Family and Caregiver Schizophrenia Discussion Forum

Do the voices ever go away?

My daughter has been diagnosed with schizoaffective disorder she just started to show symptoms in March/April of this year she has already been on 10 different meds, she will start them in the hospital and take them for about 2 weeks after hospital then stop taking them she is 30, she is now at a stepdown home, and she really does not like being there. She does not realize she has anything wrong, even though she has had a really bad episode where she thought she was someone else, even had the police convinced. I was taking her to the hospital, which is difficult 2 times now she just jumps out of the car and take off when we get there and they will not help at all. So I have to call the police and thankfully so far they have been great. The only reason they thought she was my daughter when they found her was because I described her so well. She had a great story for them though and they believed her. Till I came up to talk to her and she tried to attack me. Anyway she is in a home and she is on a shot monthly, which she was also when she tried to attack me abilify then. They keep saying it needs time but she still hears the voices. She tries to tell them but they don’t seem to listen. She will be getting her second shot of Inveega soon, she has side effects like her eyesite is blurry and she vomits quite often also her thinking is very slow. She still hears and talks to the voices. How long will it take for voices to go away if this is the right meds? When do you know to try another one. Is there a possibility she will ever be back to her old self again.

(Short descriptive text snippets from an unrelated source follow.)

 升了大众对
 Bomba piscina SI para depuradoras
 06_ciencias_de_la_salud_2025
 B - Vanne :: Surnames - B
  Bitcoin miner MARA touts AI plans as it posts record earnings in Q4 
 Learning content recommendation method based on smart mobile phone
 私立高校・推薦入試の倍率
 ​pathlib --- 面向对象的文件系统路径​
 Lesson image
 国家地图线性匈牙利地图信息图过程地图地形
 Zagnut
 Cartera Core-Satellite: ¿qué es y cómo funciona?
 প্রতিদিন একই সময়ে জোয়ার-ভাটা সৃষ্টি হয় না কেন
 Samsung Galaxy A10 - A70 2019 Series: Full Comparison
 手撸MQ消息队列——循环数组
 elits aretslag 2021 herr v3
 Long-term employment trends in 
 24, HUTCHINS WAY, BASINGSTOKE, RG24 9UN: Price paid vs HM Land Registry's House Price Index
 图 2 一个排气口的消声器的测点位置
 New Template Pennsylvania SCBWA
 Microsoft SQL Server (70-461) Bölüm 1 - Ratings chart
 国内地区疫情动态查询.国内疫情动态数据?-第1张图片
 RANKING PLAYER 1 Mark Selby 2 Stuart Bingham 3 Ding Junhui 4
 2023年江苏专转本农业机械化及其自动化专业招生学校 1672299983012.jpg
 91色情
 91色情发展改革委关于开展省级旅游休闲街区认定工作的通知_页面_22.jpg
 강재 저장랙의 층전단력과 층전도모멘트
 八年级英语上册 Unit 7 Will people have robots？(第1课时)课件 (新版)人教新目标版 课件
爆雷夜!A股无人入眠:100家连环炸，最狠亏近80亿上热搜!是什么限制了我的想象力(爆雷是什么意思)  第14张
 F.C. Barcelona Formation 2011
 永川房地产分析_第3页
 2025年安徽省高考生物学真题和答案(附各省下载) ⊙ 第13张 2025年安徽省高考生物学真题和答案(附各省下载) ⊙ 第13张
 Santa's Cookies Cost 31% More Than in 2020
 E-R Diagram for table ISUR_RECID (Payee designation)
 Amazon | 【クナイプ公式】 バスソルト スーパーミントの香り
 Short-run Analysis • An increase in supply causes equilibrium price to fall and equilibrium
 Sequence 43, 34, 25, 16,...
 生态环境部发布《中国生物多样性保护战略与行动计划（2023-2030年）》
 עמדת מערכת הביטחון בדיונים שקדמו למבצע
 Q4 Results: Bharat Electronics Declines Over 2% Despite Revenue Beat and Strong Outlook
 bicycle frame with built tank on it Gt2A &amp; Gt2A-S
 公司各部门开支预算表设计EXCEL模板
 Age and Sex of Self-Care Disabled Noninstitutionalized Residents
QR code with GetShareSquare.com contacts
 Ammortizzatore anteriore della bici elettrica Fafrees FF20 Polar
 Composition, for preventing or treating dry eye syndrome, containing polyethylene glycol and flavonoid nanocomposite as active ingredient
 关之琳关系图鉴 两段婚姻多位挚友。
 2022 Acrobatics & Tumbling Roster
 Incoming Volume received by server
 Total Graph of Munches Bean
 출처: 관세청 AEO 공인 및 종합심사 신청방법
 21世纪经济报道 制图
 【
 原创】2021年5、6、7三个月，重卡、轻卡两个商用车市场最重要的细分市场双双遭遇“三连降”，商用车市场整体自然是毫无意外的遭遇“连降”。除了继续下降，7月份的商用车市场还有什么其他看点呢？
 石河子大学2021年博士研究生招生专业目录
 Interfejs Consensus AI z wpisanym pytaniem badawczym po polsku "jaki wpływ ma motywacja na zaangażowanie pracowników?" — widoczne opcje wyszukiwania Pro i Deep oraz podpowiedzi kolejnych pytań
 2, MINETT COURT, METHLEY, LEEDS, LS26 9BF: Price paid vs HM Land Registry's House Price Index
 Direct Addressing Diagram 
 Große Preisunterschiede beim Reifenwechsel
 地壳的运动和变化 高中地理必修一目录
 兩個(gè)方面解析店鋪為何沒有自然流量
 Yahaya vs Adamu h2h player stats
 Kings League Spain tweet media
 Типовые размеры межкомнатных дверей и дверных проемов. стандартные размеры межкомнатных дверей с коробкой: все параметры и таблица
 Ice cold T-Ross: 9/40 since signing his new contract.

Olanzapine eliminated my son’s voices quickly, but it does have metabolic side effects. I agree, she has to find the right med. Abilify (aripiprazole) made him restless. He’s never taken Invega. Everyone is different. There’s been talk on this board lately about the GeneSight test, which does report recommendations for antipsychotics. But I suppose trial-and-error would work too. Just make sure she gets regular blood tests to see if any of the meds are causing harmful side effects. Say, every month when a new drug is tried, or the dosages substantially upped.

My son got to the point where he wanted to take the meds because the voices got to be very abusive. He’s been med-compliant for maybe 7 months now because the delusions and voices were so bad during the last episode.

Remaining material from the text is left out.